Staple food Home cooking -
【Kelp-Knot Roasted Pork】--the most cold delicacy in winter
As we all know, kelp is very rich in nutrients and contains iodine, iron, calcium, mannitol, carotene and other ingredients needed by the human body. In the cold winter, kelp also has the effect of keeping out the cold. From the perspective of traditional Chinese medicine, sea water is cold and cool, and the kelp that grows here has strong cold resistance. Kelp is salty in nature and taste, and long-term consumption can also warm and nourish kidney qi. Therefore, eating kelp in winter can increase the body's ability to resist cold. In addition, people's fear of cold is related to the body's lower intake of certain minerals. For example, the amount of calcium in the human body can directly affect the elasticity and excitability of the myocardium, blood vessels and muscles; iron deficiency in the blood often manifests as low heat production and low body temperature. Therefore, supplementing foods rich in calcium and iron can improve the body's ability to resist cold. Kelp is a treasure house for humans to absorb calcium and iron. Each 100 grams of kelp contains up to 1177 mg of calcium and 150 mg of iron.

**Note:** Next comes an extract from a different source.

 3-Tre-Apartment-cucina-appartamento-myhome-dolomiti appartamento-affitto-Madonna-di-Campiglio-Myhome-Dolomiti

Therefore, eating kelp in winter has important health care effects on children, women and the elderly. Stewing pork and kelp together can maintain nutritional balance. The kelp polysaccharide in kelp can reduce blood cholesterol and triglycerides, prevent the formation and development of atherosclerotic plaques in the arterial blood vessels, and has anticoagulant effects. Therefore, this kelp-crusted pork dish is very suitable for eating in the cold winter. After eating this dish, your winter will really no longer be cold!